U.S. v. Students Challenging Regulatory Agency Procedures, 412 U.S. 669 (1973) (SCRAP).

Following the statement that Smiley failed to demonstrate how his enjoyment of the beach would be affected, the Court of Appeals went on to say “Smiley’s use and enjoyment will be only temporarily altered” in that “his injury, at best, will be a temporary detour in his jogging route and does not compare to the permanent injury in [citation omitted]…However, even a permanent injury does not assure a plaintiff will have standing [citing Sea Pines][3]…petitioner’s temporary inconvenience does not give rise to standing.”  This is apparently a finding that Smiley failed to allege a sufficient “injury in fact.”

We are unaware of any legal basis for the Court of Appeals’ distinction of a temporary injury from a permanent injury.  Moreover, OCRM presented no evidence in opposition to Smiley’s affidavit.  There is simply nothing in this record to support the Court of Appeals’ conclusion that any inconvenience will be merely temporary.  The court is then critical of Smiley’s averments of injury characterizing them as a temporary detour in his jogging route and ignoring the other “use and enjoyment” claims made in the affidavit.  Interference with Smiley’s enjoyment of the beach, and his inability to use it for his rehabilitative jogging for at least six months a year for at least the next five years, are sufficient allegations of a “stake in the outcome” to permit Smiley standing to challenge the permit.  SCRAP, supra.

We reverse the Court of Appeals’ holding that Smiley merely alleged “temporary inconvenience,” and that his allegations are insufficient.  Smiley’s affidavit demonstrates that he has a direct stake in the permitting decision, and therefore he sufficiently alleges standing.  Lujan, supra; Sea Pines, supra.

The Court of Appeals went on to discuss the Public Trust Doctrine and beach renourishment statutes, and conclude that “The excavation of sand does not substantially impair the public interest and is within the State’s policy of preserving and restoring its beaches, thus [Smiley] has failed to demonstrate how the permit would violate these protections.”  We vacate, in its entirety, this speculative ruling on the merits of Smiley’s claims, which are not germane to the standing issue.


We reverse the Court of Appeals’ decision affirming the rulings that Smiley lacked standing to challenge the Wild Dunes permit, and remand the matter to the ALCD for further proceedings.



[1] Wild Dunes and OCRM have filed a joint brief in this matter.  We will refer to the respondents as OCRM in the opinion.

[2] The statutory scheme was substantially altered in 2006 to conform to the new ALJ/Court of Appeals appellate review scheme.  See 2006 Act No. 387.

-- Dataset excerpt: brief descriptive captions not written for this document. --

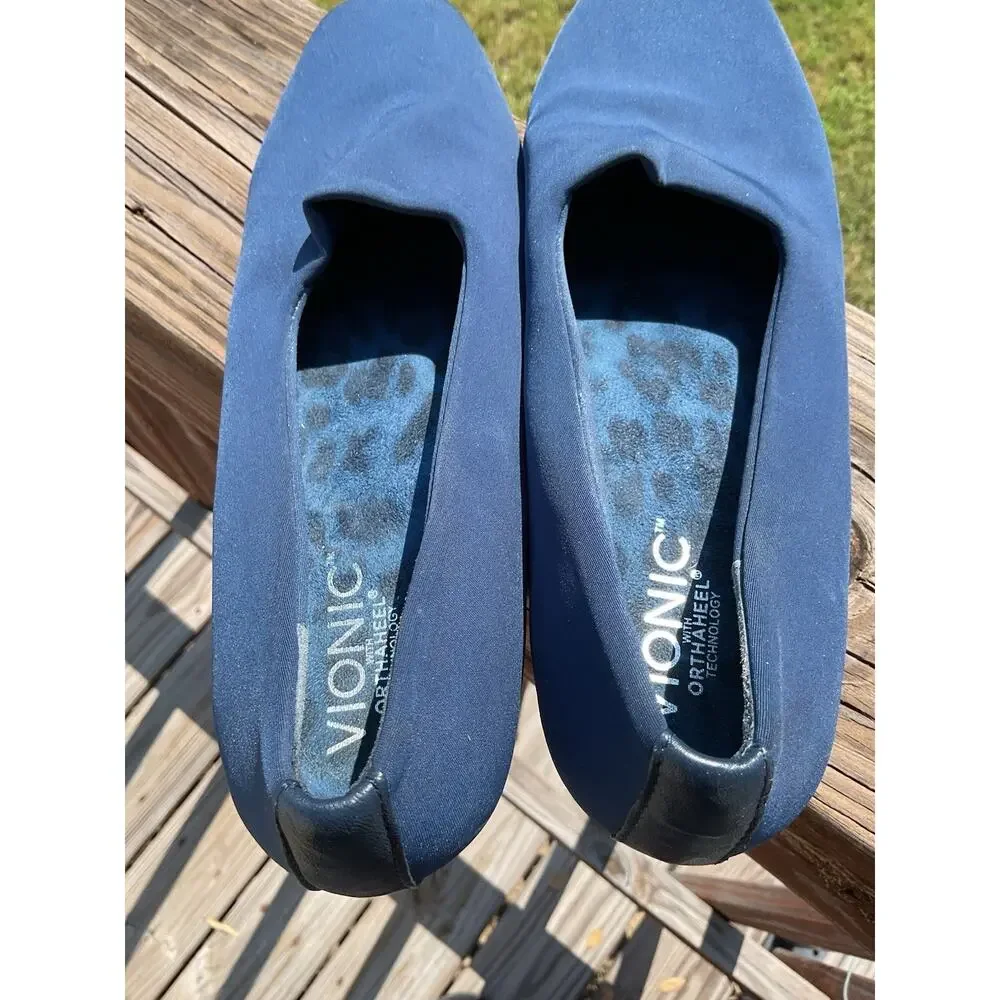 Vionic Orthaheel Techo 8M Navy Blue Treat Powell Slip On Stretch Fabric Shoes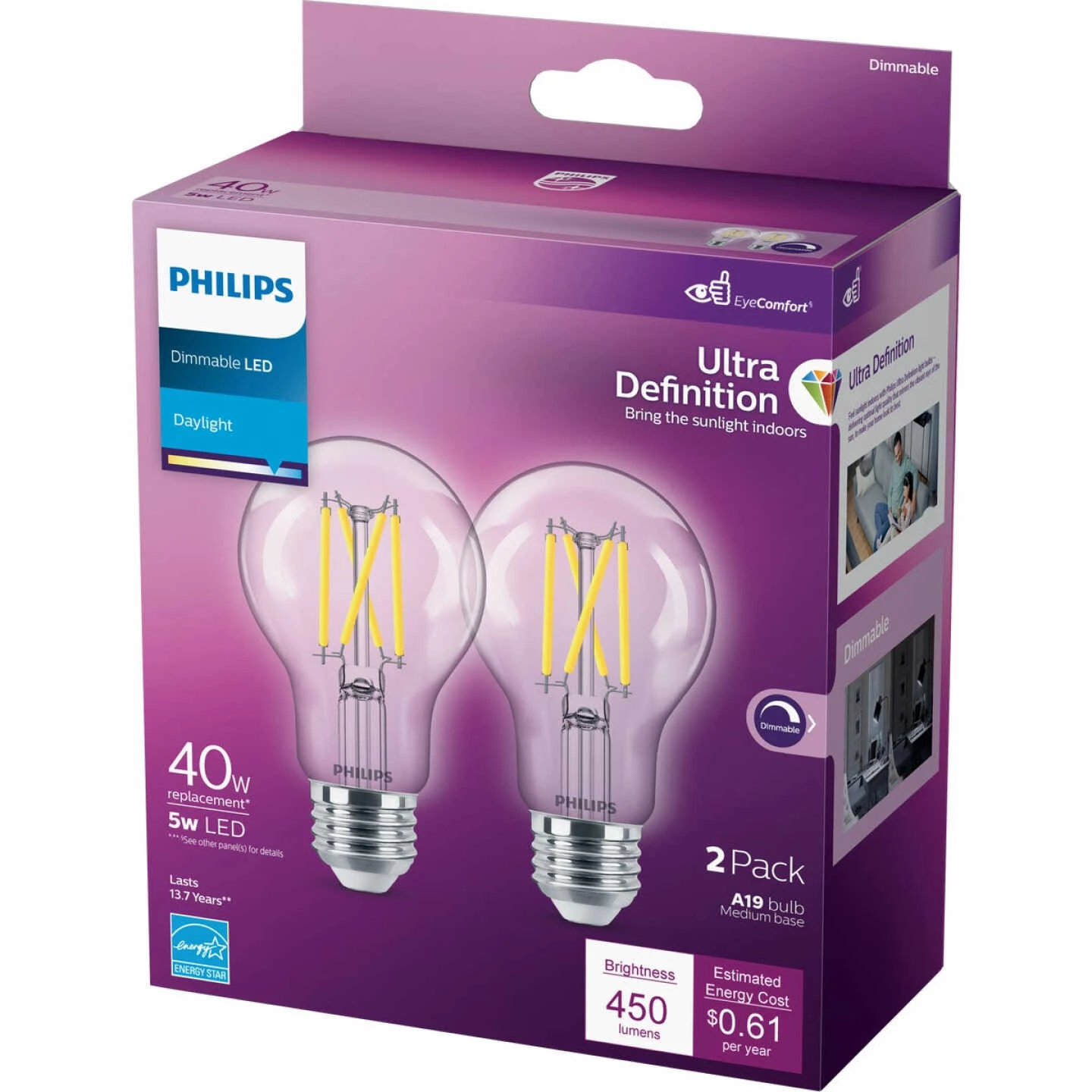 Philips Ultra Definition 40W Equivalent Daylight A19 Medium LED Light Bulb, Clear (2-Pack) 5 Philips Ultra Definition 40W Equivalent Daylight A19 Medium LED Light Bulb, Clear (2-Pack) - Image 3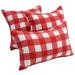 Blazing Needles 9917-S3-CO-JO18-14 Spun Polyester Outdoor Throw Pillows Red Plaid - Set of 3
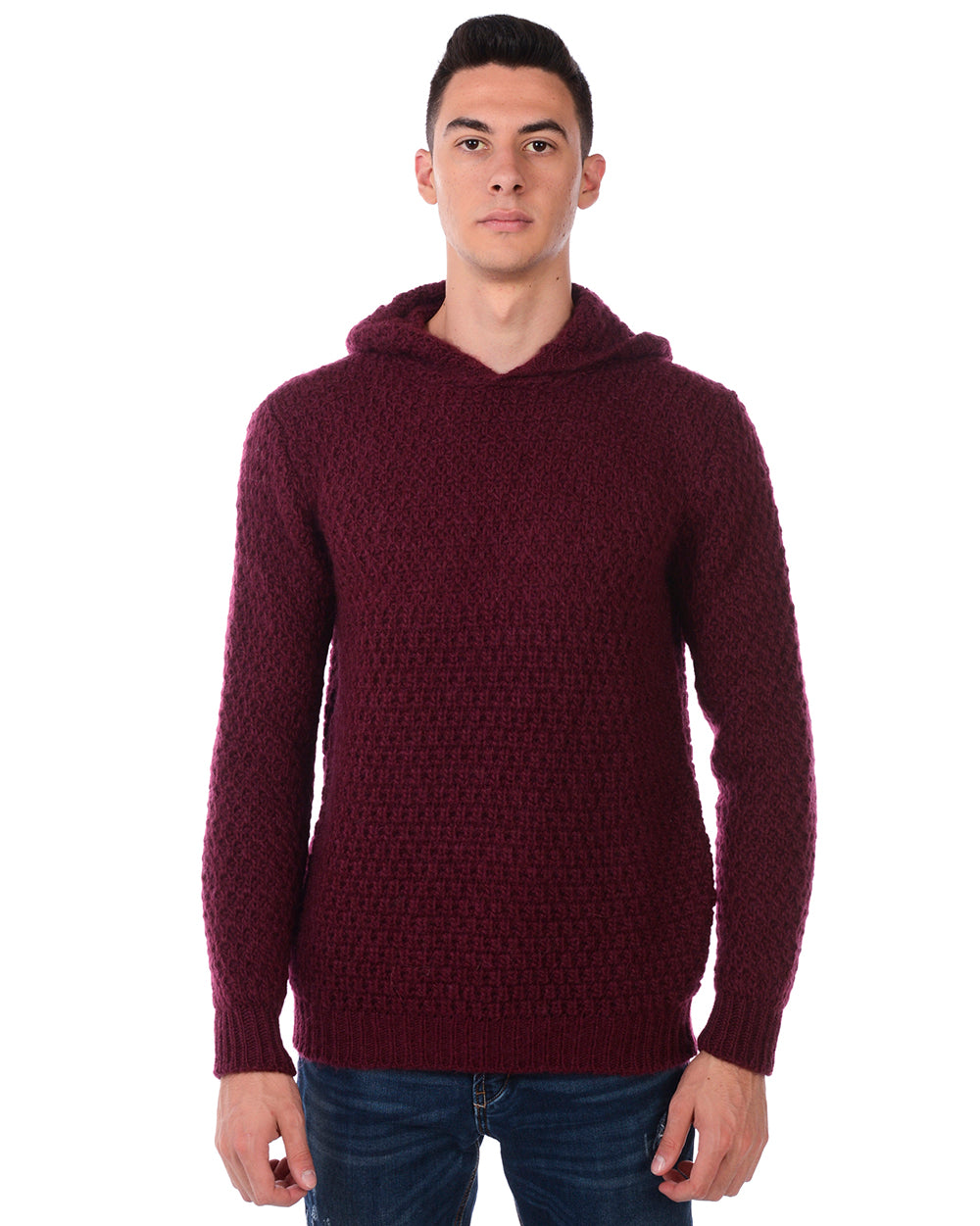 Maglione Bordeaux con Cappuccio in Lana Daniele Alessandrini - mem39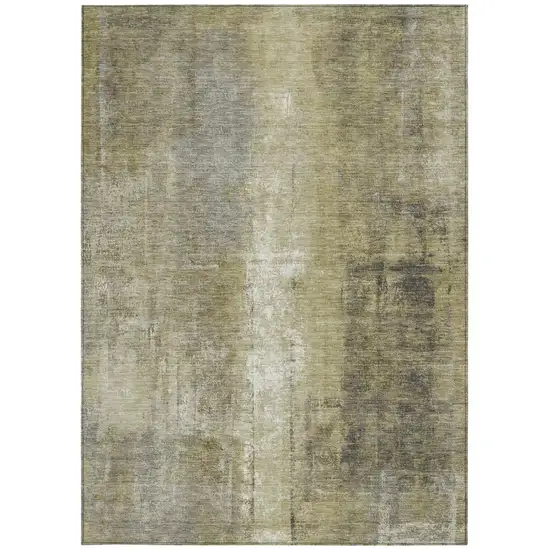 Gold And Ivory Abstract Washable Indoor Outdoor Area Rug Photo 3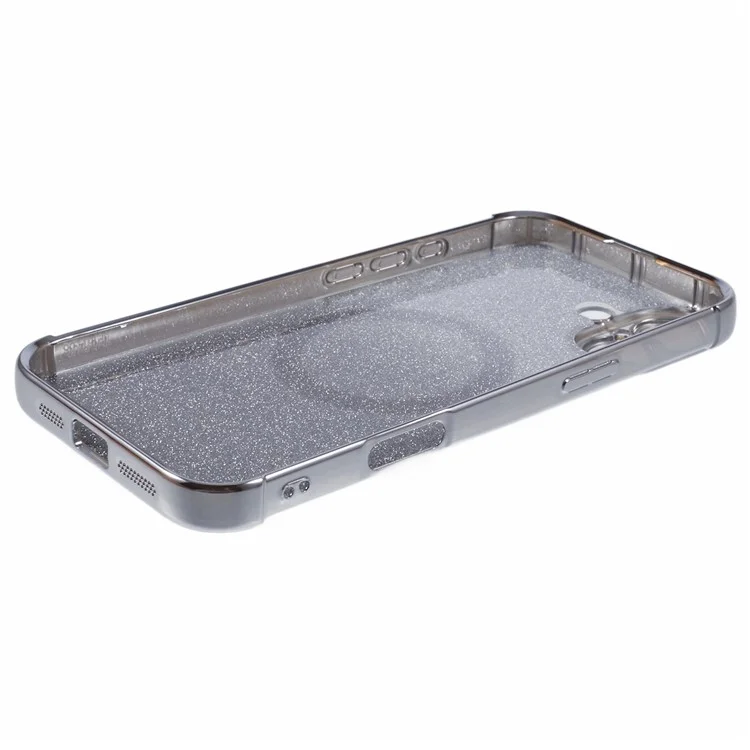 Pour Iphone 16 Plus Case Compatible Avec Magsafe Electroplasting TPU Gradient Pintter Phone Cover - Argent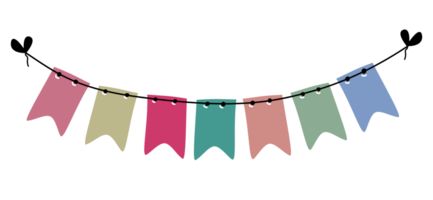 Decorated flags, images of celebrations and festivals, curved lines make the overall composition dynamic and gentle. png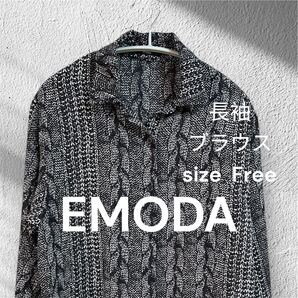 EMODA ブラウス ブラック フリー レディース 長袖 エモダ 花柄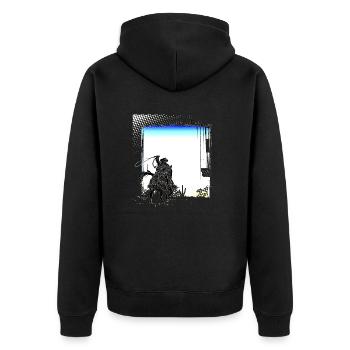 Cowboy Lustiger Cowboyhut Wild Western Country - Unisex Premium Bio Zip Hoodie - Schwarz - Hinten - Nico (187cm)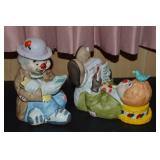 Pair Vtg MSR Imports Ceramic Clown Bookends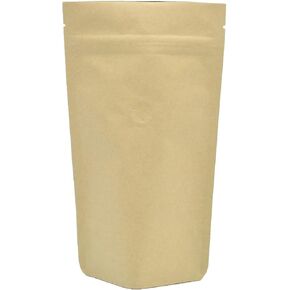 Light Kraft Paper Stand up Zipper Pouch for Coffee Bean with Degassing One Way Valve(25pcs) (4oz/120g) in Saudi Arabia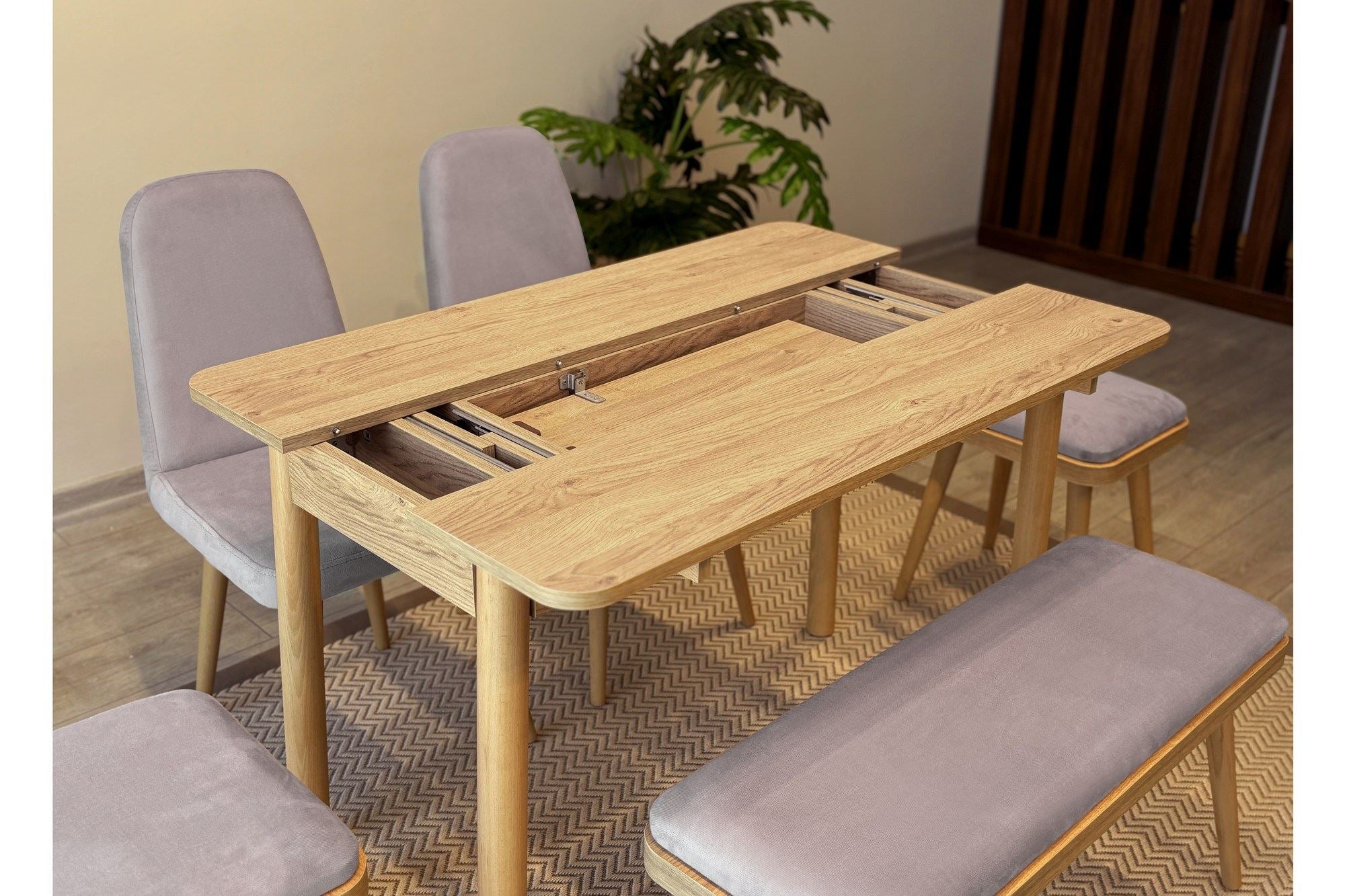 Conjunto de mesa de jantar extensível e cadeiras (6 peças)-Vina-Carvalho
Cinza Soho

[3] We note that Sea Pines did not involve a finding of permanent injury with a concomitant denial of standing.  Rather, the Court held the plaintiffs presented no evidence that their interest in viewing wildlife would be diminished by the permits, and thus failed to demonstrate “any particularized harm.”  Sea Pines, at 606, 550 S.E.2d at 292.  Moreover, the Court held that, assuming the Sea Pines plaintiffs had shown an injury, they “failed to present evidence the injury would be redressed by a favorable decision….,” Id., that is, they failed to meet the third Lujan standing requirement as well as the first.